Class of 2014, take note: in order to dissuade anyone from taking this column or its author seriously, I feel I must make you aware of several facts, lest any of you assume I know anything about anything or am remotely competent.
I ripped the name of this column off a refrigerator magnet in The Observer office. I once injured my eye with an ice cube tray. I told my SAGES professor that I could not be photographed for a Blackboard page due to religious reasons when really I was having a bad hair day. I spent my history department award check on shoes. I have been known to hustle my boyfriend’s friends while playing poker. I do not drive because I am considered to be a hazard to all life forms on the road. I thank grade inflation every day or my stellar grade point average – I love CWRU’s no +/- grading policy so much that I worship it as a god, second in importance only to Tim Gunn.
In short, I am narcissistic, self-serving, and basically incompetent.
While I am willing to admit these failings – and that I am not an authority regarding any subject – many people you will encounter at CWRU, and throughout the rest of your life, will not. They will pretend that because they are in positions of authority, they know everything about everything and have no faults whatsoever. You will be forced to deal with “argument by authority”, the fancier way of describing the phrase “because I said so.” Argument by authority will be used as a weapon against you by professors, administrators, and even other students.
I hate these people.
Many of you will come to hate them as well. But some of you in the class of 2014 will learn to use argument by authority to your advantage. So this column is not addressed to you. Instead, this column is addressed to the rest of your class. I am writing to those individuals who still have enough subversive spunk in them to ask fun questions like, “Where is your evidence?” and “How do you know this?”

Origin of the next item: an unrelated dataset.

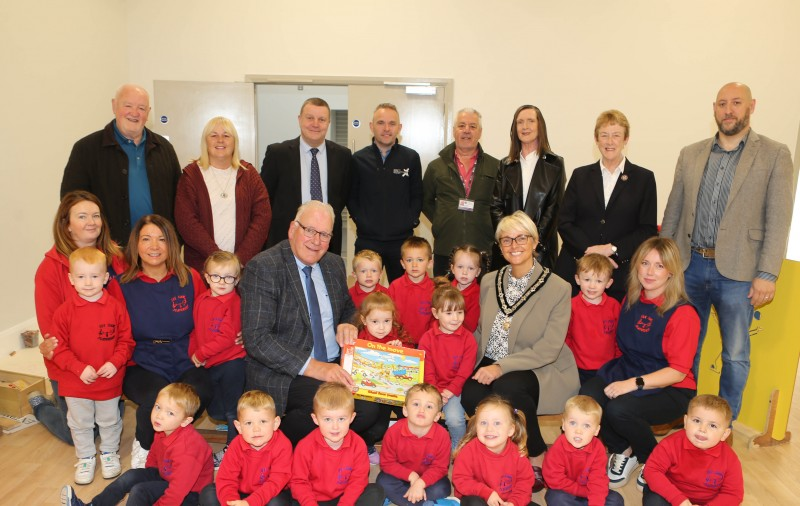 Causeway Coast and Glens Deputy Mayor, Councillor Tanya Stirling, pictured with children and staff from See-Saw Playgroup, Mosside at the re-opening of the Mosside Community Centre, after the completion of recent refurbishment works to its main hall. They are pictured alongside (l-r) Bob Hedley, Councillor Margaret-Anne McKillop, Ian McQuitty, Department for Communities, Niall McGurk, CC&G Strategic Project Manager, Nigel McFadden, CC&G Project Coordinator, Rhonda Williamson, Department for Communities, Joan Baird, Reverend Dr. Andre Alvez-Areias and Councillor Bill Kennedy.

The one thing I hope your class does is question the various authorities around you, be it administrative, academic, or those annoying people who insist that because they are the leader of an organizatio they know everything about everything and can boss you around. Simply because someone has their PhD, or is a dean, or is the president of a student organization does not mean they are right about anything.
I really don’t care whether your class produces a Nobel Laureate or the next president. What I hope is that when you enter the real world you will have enough sense to question people regardless of whether they’re your boss, your neighbor, or a talking head on TV. I want you to not believe people simply because they are in a position of authority. I want you to be able to critically evaluate fun statements like, “I’ve been to Africa three times. All right? You can’t bring Western reasoning into the culture. The same way you can’t bring it into fundamental Islam,” and “It doesn’t say anywhere in the Constitution this idea of the separation of church and state.” (Yes, Bill O’Reilly and Sean Hannity, we know what you’re saying. And it makes our brains hurt.)
This first year at school will be intimidating, no matter how much of a subversive punk you aspire to be. But you still need to question those authorities around you and develop your interrogation skills now. I don’t want members of your class in four years to blindly allow yourselves to be bullied or manipulated into believing something because someone has some sort of authority over you.
Your parents are paying way too much money for that to happen.